Isante Thurau aus Konstanz erzählt, sie habe schon bei diversen Filmen mitgespielt. „Einmal war ich richtig groß im Bild, aber meine Nachbarin hat mich mit Kopftuch dennoch nicht erkannt.“
„Psssst.“ Regieassistent Lutz fordert unsere Aufmerksamkeit. Wir, die an eng zusammengestellten Tischen im riesigen, ansonsten leeren Festzelt hocken, drehen unsere Köpfe. Da steht der drahtige Mittfünfziger auf einer Palette und sagt: „Stellt euch vor hier spielt die Musik. Ihr schaut her, klatscht, und dann geht es wieder leise weiter, so, wie vorhin.“ Auf sein Zeichen hin – er macht sich groß und reißt die Arme nach oben – klatschen wir laut, manche rufen „Bravo“. Dann senkt Lutz seine Arme, kreuzt die Hände in der Luft. Wir sind still, prosten uns wieder zu, lachen lautlos, plaudern nur mit Mimik und Gestik – aber mit Mundbewegungen. So, wie von uns verlangt.
Nach einigen Sekunden bricht Lutz dennoch die Szene ab: „Wir fangen noch mal an, ihr seid zu laut!“ Also nochmals: Applaus, dann lautloses Sprechen. Obwohl wir uns ja nur zum Schein unterhalten, wird es nach der zwölften Wiederholung anstrengend. Der Gesprächsstoff geht aus.
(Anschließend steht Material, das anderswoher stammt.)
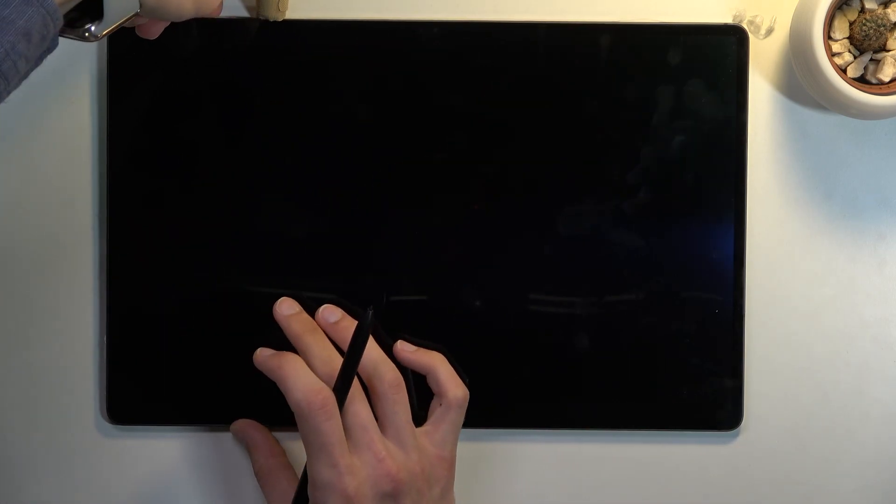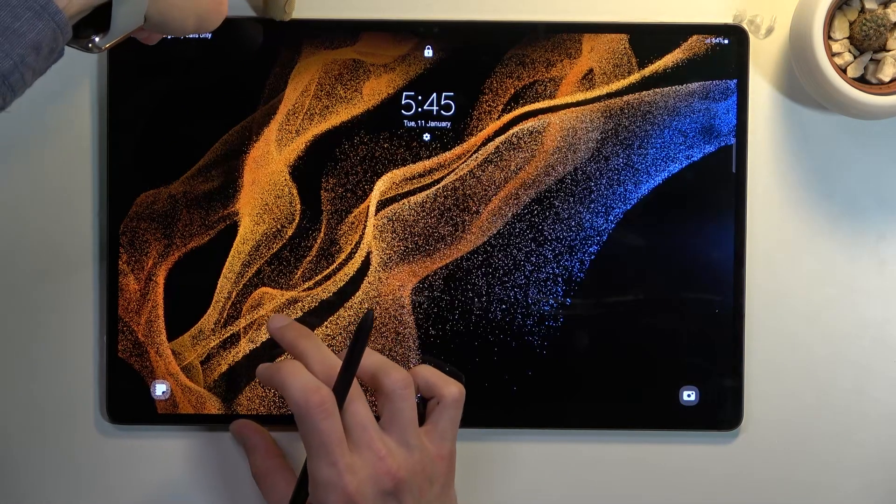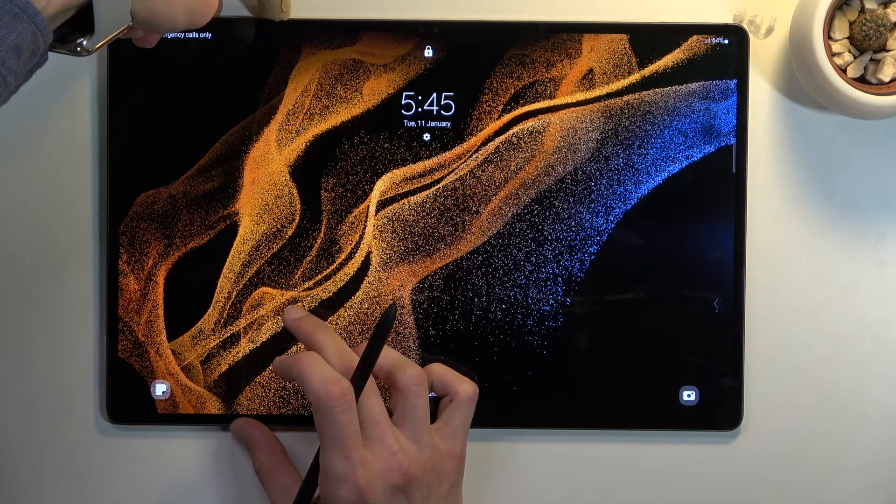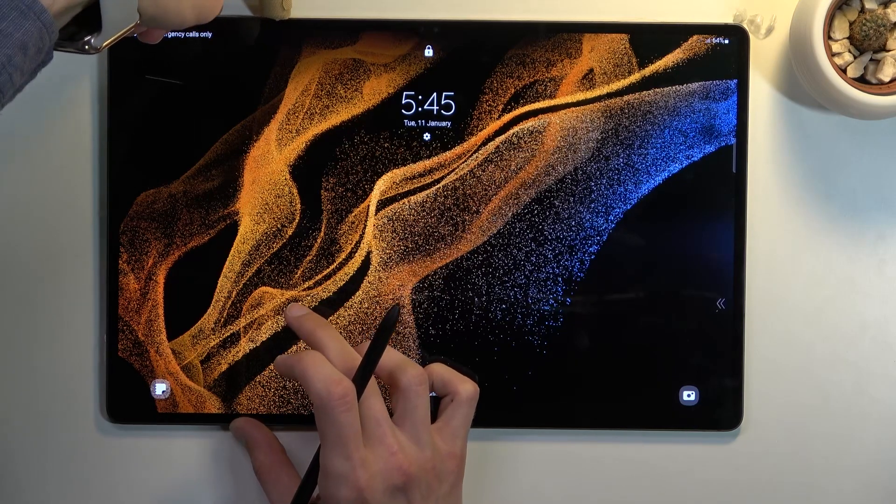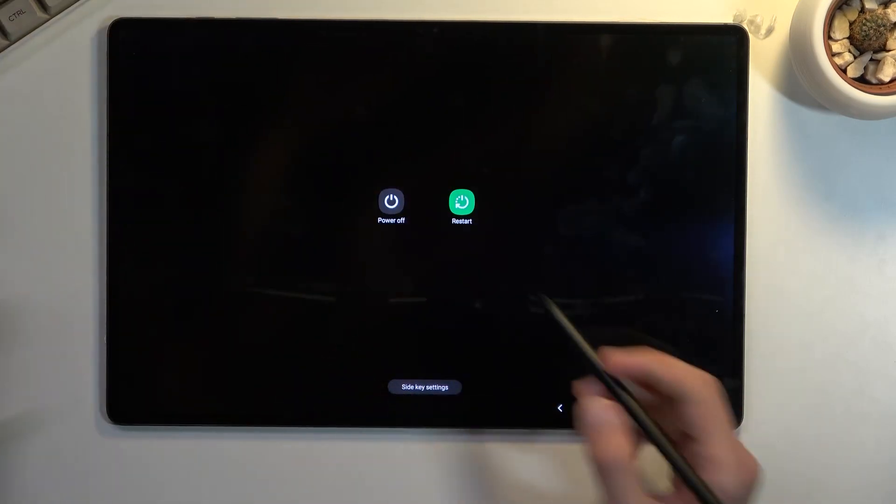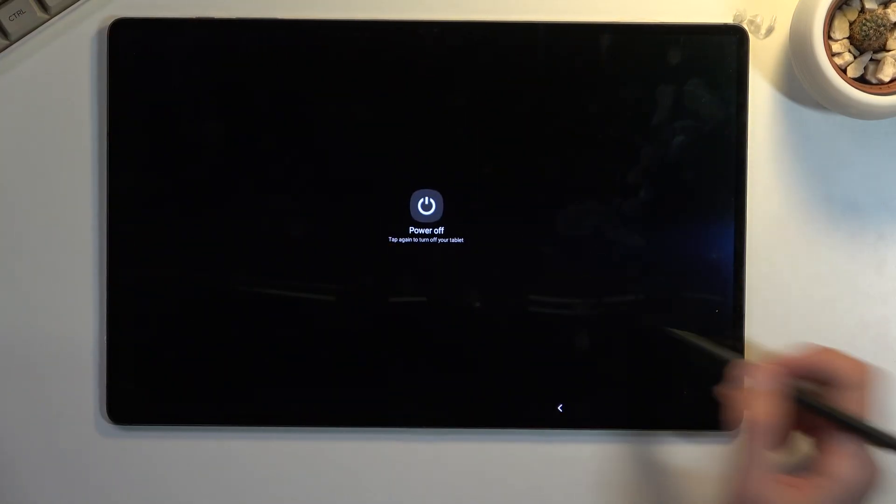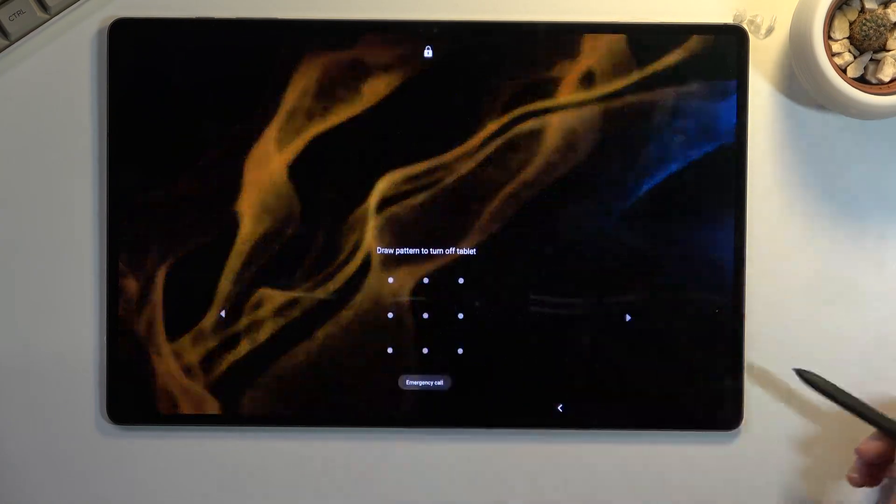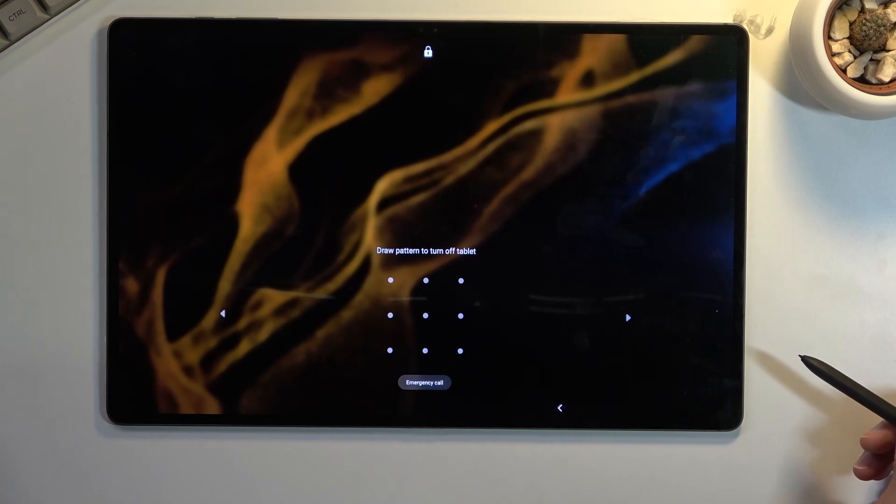You would normally hold power and volume down. There we go. If we try to select power off, as you can see, it tells you to put in the pattern.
Also gut, wieder anstoßen, trinken. Es gibt alkoholfreies Bier, es schmeckt aber abscheulich. Total bitter. Von Trinken kann keine Rede sein. Sollen wir auch nicht. Wenn der Film später zusammengeschnitten wird, darf da nicht plötzlich ein leeres Glas stehen. Die Mitarbeiter der Filmgesellschaft schäumen den goldenen Trunk immer wieder auf. Vier Stunden lang. Dann Pause. Essen fassen.
Die Mitarbeiter der Filmproduktion bekommen unter anderem Kässpatzen, Schweinebraten und Blaukraut. Sebastian Müller aus Lindenberg hat vor Ort aufgekocht. Er war auch vor einer Woche der Wirt beim richtigen Fest zum Viehscheid. Den Komparsen aber wird nur Nudeln mit Soße aufgetischt. Des Essen ist knapp bemessen. Ein Statist spricht von einer „Zwei-Klassen-Gesellschaft“.
Bis ein Uhr nachts geht der Dreh weiter. Alle sind dann groggy. Die Crew der Westside-Filmproduktion zieht weiter. Nächste Drehorte sind Kempten und Weitnau. Auch da sind wohl wieder Komparsen gefragt. Hauptdarsteller sind übrigens Walter Sittler, Theresa Scholze, Catherine Bode, Max Herbrechter, Thomas Unger und Matthi Faust. Wann der Film gesendet wird, steht noch nicht fest.